Édition du 23 avril 2024

Une tribune libre pour la gauche québécoise en marche

Négociations du secteur public

Lettre ouverte

La responsabilité du Front commun

(tiré de Ricochet | Cet article a d’abord été publié dans notre édition anglophone

Maintenant que la poussière est à peu près retombée, il est temps pour les travailleurs et travailleuses du secteur public de porter un regard critique sur leur dernière ronde de négociations avec le gouvernement du Québec.

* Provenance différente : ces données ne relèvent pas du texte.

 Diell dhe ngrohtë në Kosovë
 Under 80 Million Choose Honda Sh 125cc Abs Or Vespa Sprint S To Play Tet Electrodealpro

Une question demande d’ailleurs une attention toute particulière : pourquoi l’information relative à l’entente de principe sur les salaires a-t-elle été présentée de façon manipulatrice et malhonnête aux médias, au public en général et a fortiori aux quelque 400 000 membres du Front commun ? En général, il est de bon aloi de tenir les politiciens et politiciennes responsables des fausses affirmations qu’ils et elles font de façon délibérée. On a vu plus d’un dirigeant politique être destitué en raison de son comportement malhonnête (ce fut le cas par exemple du président d’Islande qui a tout récemment été forcé de démissionner à la suite d’allégations d’irrégularités fiscales). Les membres du Front commun ne devraient-ils pas également exiger de hauts standards d’honnêteté, d’intégrité et de transparence pour leurs leaders syndicaux ?

Afin d’illustrer dans quelle mesure les leaders du Front commun ont agi de façon subreptice et malhonnête lorsqu’ils et elles ont présenté au public l’entente sur les salaires, il est utile de comparer la présentation publique que le Front commun en a faite avec celle de la Fédération autonome de l’enseignement (FAE). La FAE ne fait pas partie du Front commun, mais elle a obtenu la même entente sur les salaires que le Front commun.

Le 20 décembre 2015, le Front commun a tenu une conférence de presse pendant laquelle ses leaders ont annoncé une hausse négociée des salaires entre 9,15% et 10,25% sur cinq ans. Avec une telle hausse, ils et elles ont soutenu avoir atteint leur objectif « d’éviter encore plus l’appauvrissement des travailleuses et des travailleurs ». Le président de la CSN Jacques Létourneau a même ajouté qu’« au final de l’exercice, considérant l’inflation […] on devrait même effectuer un certain rattrapage salarial ».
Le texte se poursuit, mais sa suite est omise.